Exercise details> Each line in the material below, starting at the one with "Thank You Farmer, Sun" and ending at the one with "NUNETH Saddle Office", is to be reproduced exactly; no picture is to be copied.

Task material>
+ + + + +

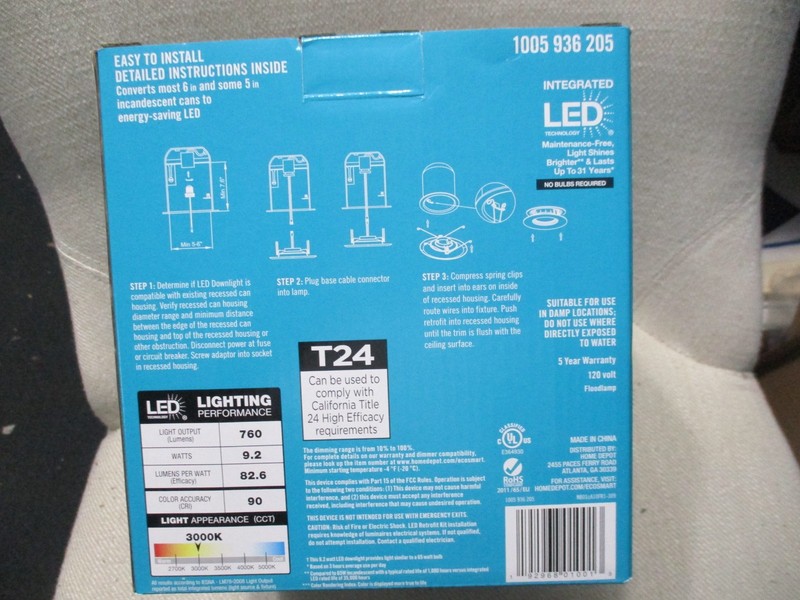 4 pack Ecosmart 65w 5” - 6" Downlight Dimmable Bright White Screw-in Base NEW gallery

+ + + + +

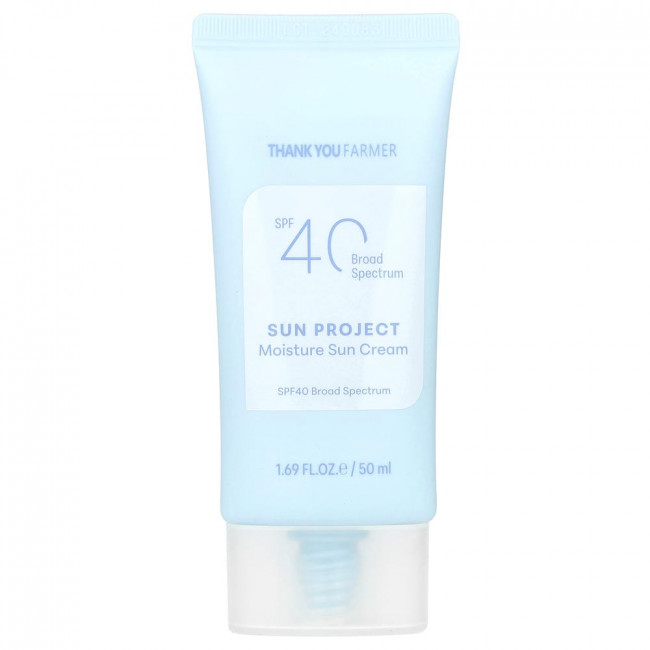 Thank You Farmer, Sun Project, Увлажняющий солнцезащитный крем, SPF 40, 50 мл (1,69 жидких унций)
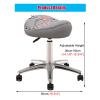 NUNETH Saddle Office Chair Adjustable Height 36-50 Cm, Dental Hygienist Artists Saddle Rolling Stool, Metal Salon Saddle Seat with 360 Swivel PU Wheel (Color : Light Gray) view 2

+ + + + +

Your response>
 Thank You Farmer, Sun Project, Увлажняющий солнцезащитный крем, SPF 40, 50 мл (1,69 жидких унций)
 NUNETH Saddle Office Chair Adjustable Height 36-50 Cm, Dental Hygienist Artists Saddle Rolling Stool, Metal Salon Saddle Seat with 360 Swivel PU Wheel (Color : Light Gray) view 2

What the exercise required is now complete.